Task prompt >> Extract only the lines from the start of the entries below to the line with "Thumbnail for Polar", inclusive; omit every picture.

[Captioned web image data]

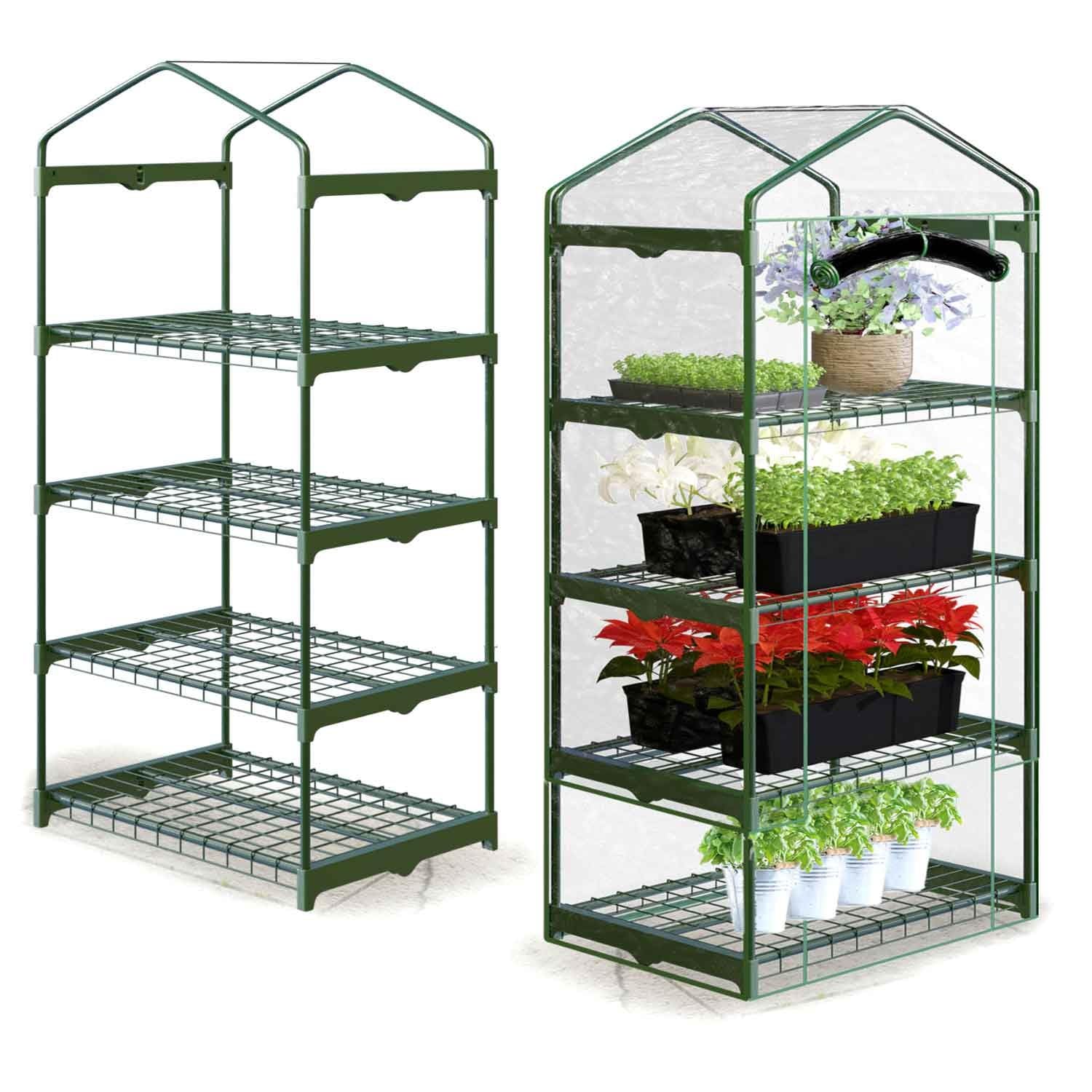Mini serre balcon feuille pour cultiver vos aromates en ville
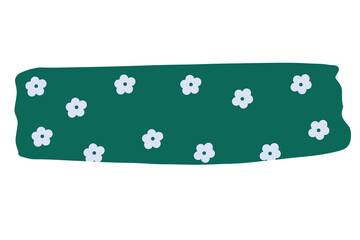 Hand drawn cute tape icon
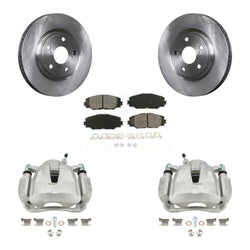 Front Disc Brake Caliper Rotors And Semi-Metallic Pads Kit For Toyota RAV4 Scion tC Matrix Pontiac Vibe Corolla iM Mirai KC8-100301S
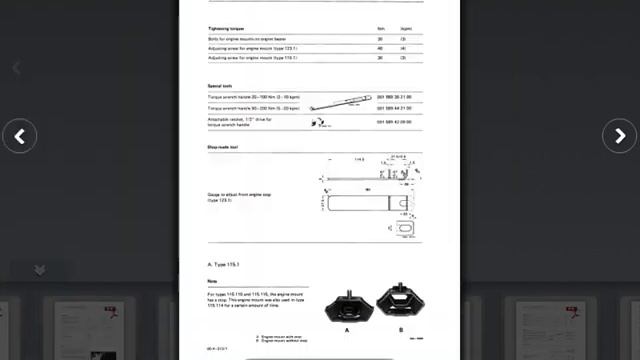 Mercedes Benz Service Manual Engines 615, 616, 617.91 смотреть онлайн
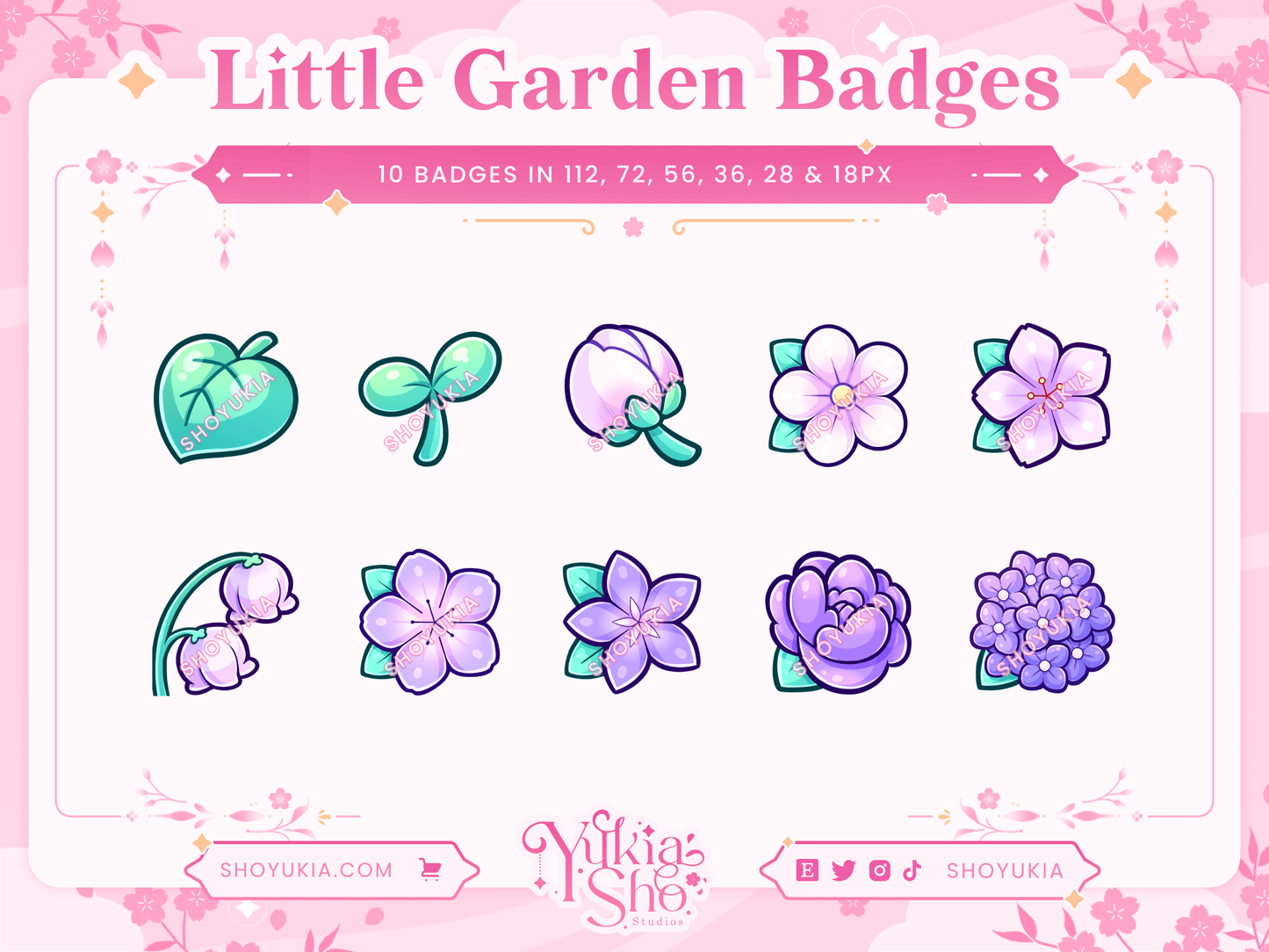 Little Garden Sub Badges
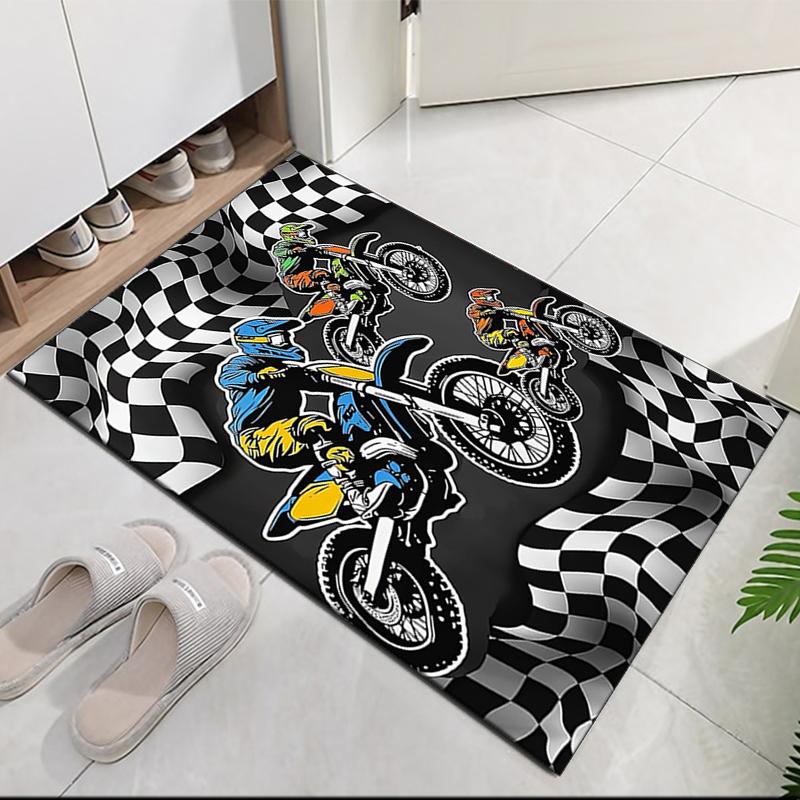 off-road motorcycles Printed Carpet, for Office Chair Living Room Bedroom Kitchen Room Decor Gifts.
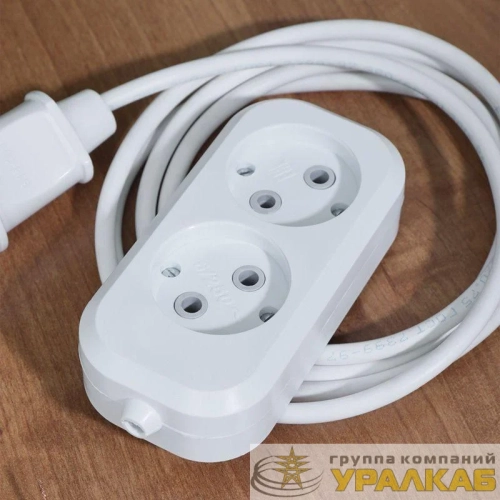 Колодка удлинителя 2-м без заземл. Rexant 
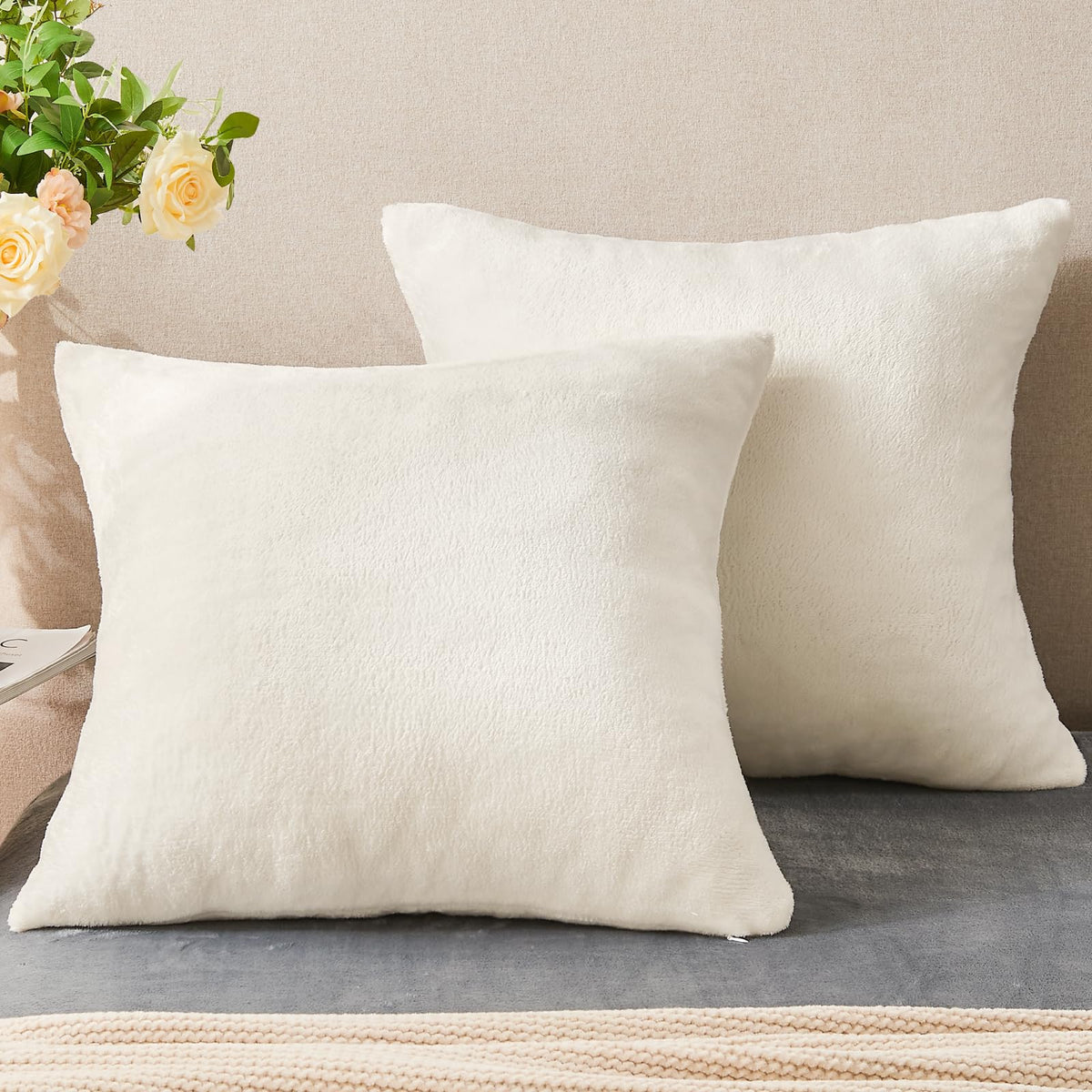 BEDELITE Body Pillow Cover with Zipper, Gray, 20x54 Inch, 1 Pack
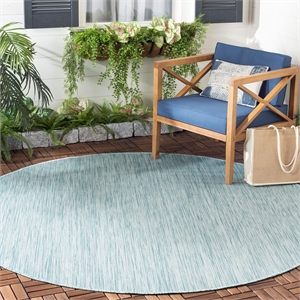 Safavieh Beach House 6'7&quot Round Rug in Aqua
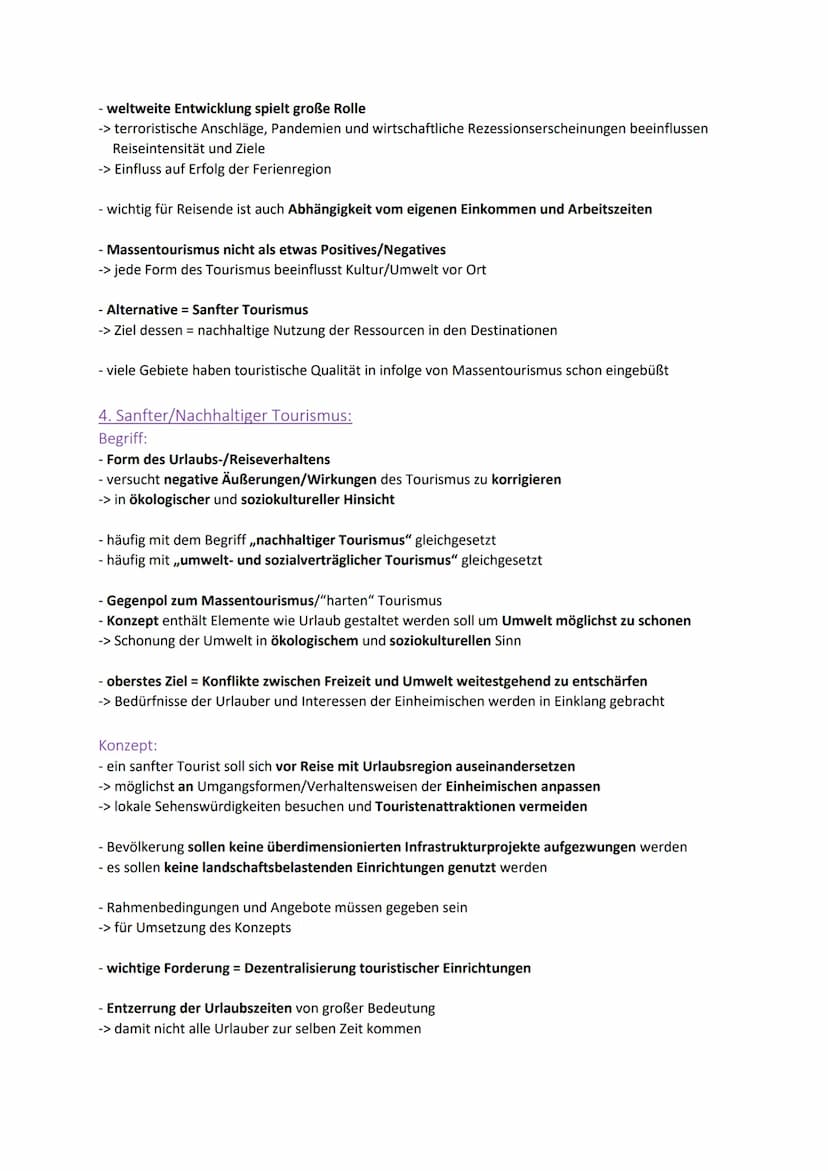 Tourismus - ABI-Lernzettel
1. Tourismus:
Begriff:
- Tourismus = Wirtschaftszweig des tertiären/Dienstleistungssektors
-> gewinnt zunehmend a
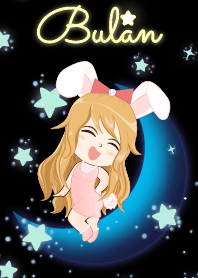 Bulan - Bunny girl on Blue Moon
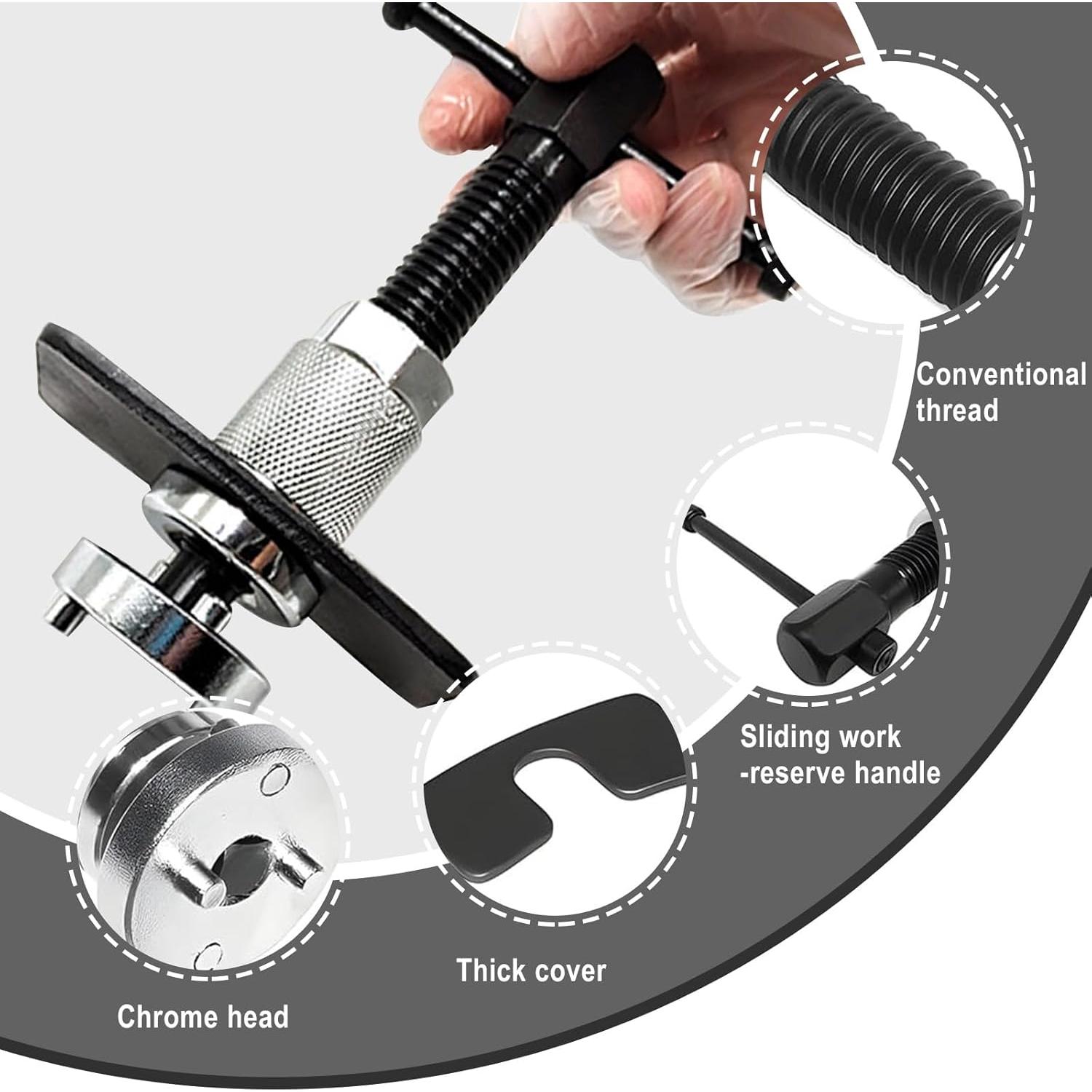 Herramienta de retroceso de pistón de freno Couslcd 6-8 cm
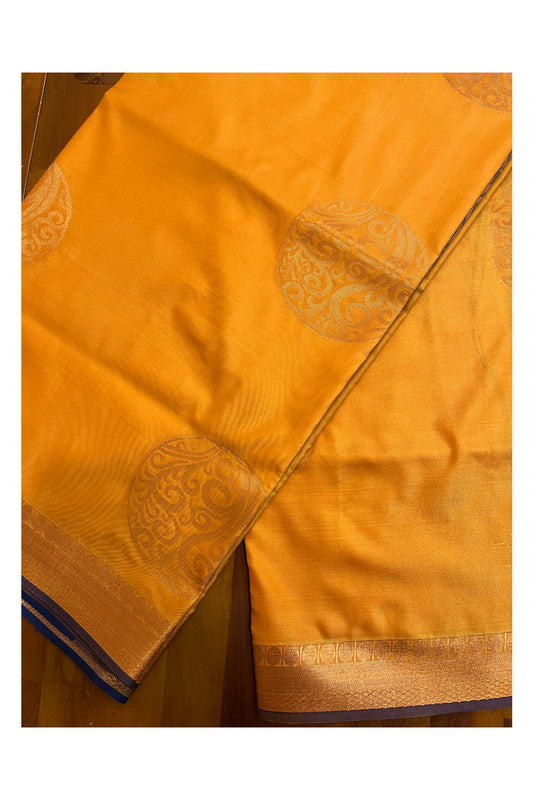 Southloom Soft Silk Yellow Designer Woven Saree with Heavy Work on Pallu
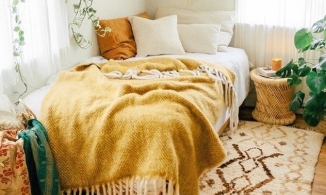 4 ý tưởng trang trí phòng ngủ mùa Đông nhìn là thấy giá rét dừng trước cánh cửa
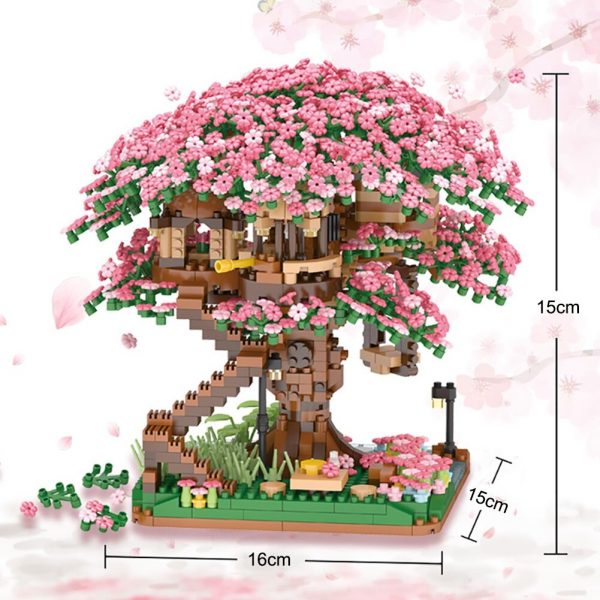 Sembo 609 Sakura Tree House (3)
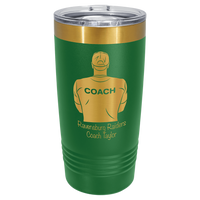 Thumbnail for Polar Camel 20 oz. Gold ION-Plated Ringneck Tumbler with Slider Lid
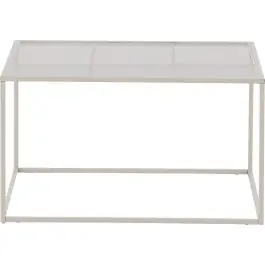 Sofatisch Netz Venture Design - Stahl, Beige, 80x80 cm Billig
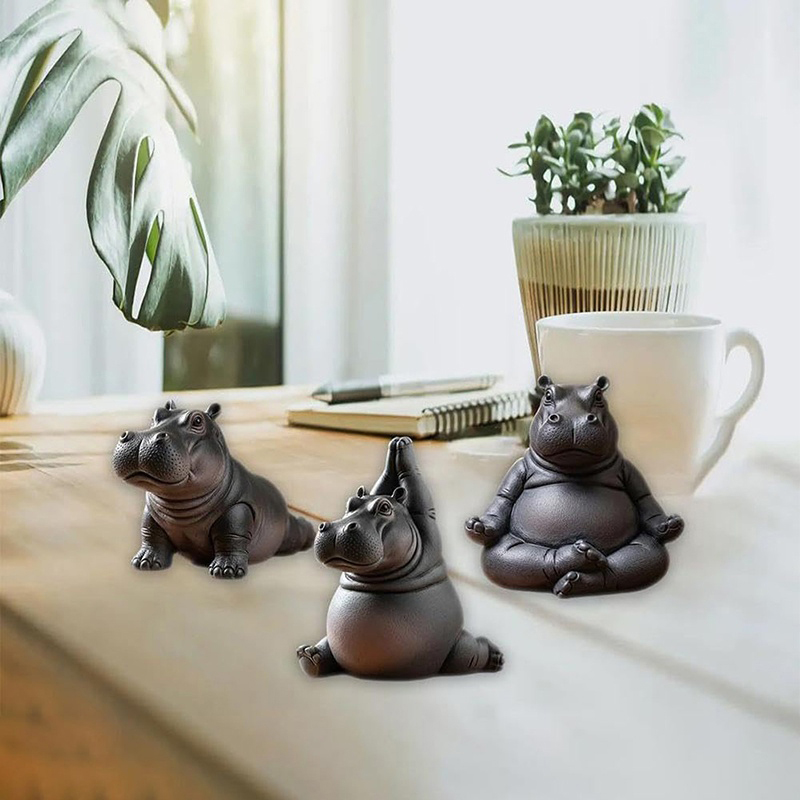 Yoga Master Hippo Statue Handc - огляд і ціна Yoga Fitness Model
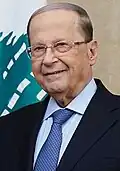 Michel Aoun, président de la République libanaise de 2016 à 2022.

Your solution >>
Mini serre balcon feuille pour cultiver vos aromates en ville
 Hand drawn cute tape icon
 Front Disc Brake Caliper Rotors And Semi-Metallic Pads Kit For Toyota RAV4 Scion tC Matrix Pontiac Vibe Corolla iM Mirai KC8-100301S
 Mercedes Benz Service Manual Engines 615, 616, 617.91 смотреть онлайн
 Little Garden Sub Badges
 off-road motorcycles Printed Carpet, for Office Chair Living Room Bedroom Kitchen Room Decor Gifts.
 Колодка удлинителя 2-м без заземл. Rexant 
 BEDELITE Body Pillow Cover with Zipper, Gray, 20x54 Inch, 1 Pack
 Safavieh Beach House 6'7&quot Round Rug in Aqua
 Tourismus - ABI-Lernzettel
1. Tourismus:
Begriff:
- Tourismus = Wirtschaftszweig des tertiären/Dienstleistungssektors
-> gewinnt zunehmend a
 Bulan - Bunny girl on Blue Moon
 Herramienta de retroceso de pistón de freno Couslcd 6-8 cm
 Southloom Soft Silk Yellow Designer Woven Saree with Heavy Work on Pallu
 4 ý tưởng trang trí phòng ngủ mùa Đông nhìn là thấy giá rét dừng trước cánh cửa
 Sembo 609 Sakura Tree House (3)
 Thumbnail for Polar Camel 20 oz. Gold ION-Plated Ringneck Tumbler with Slider Lid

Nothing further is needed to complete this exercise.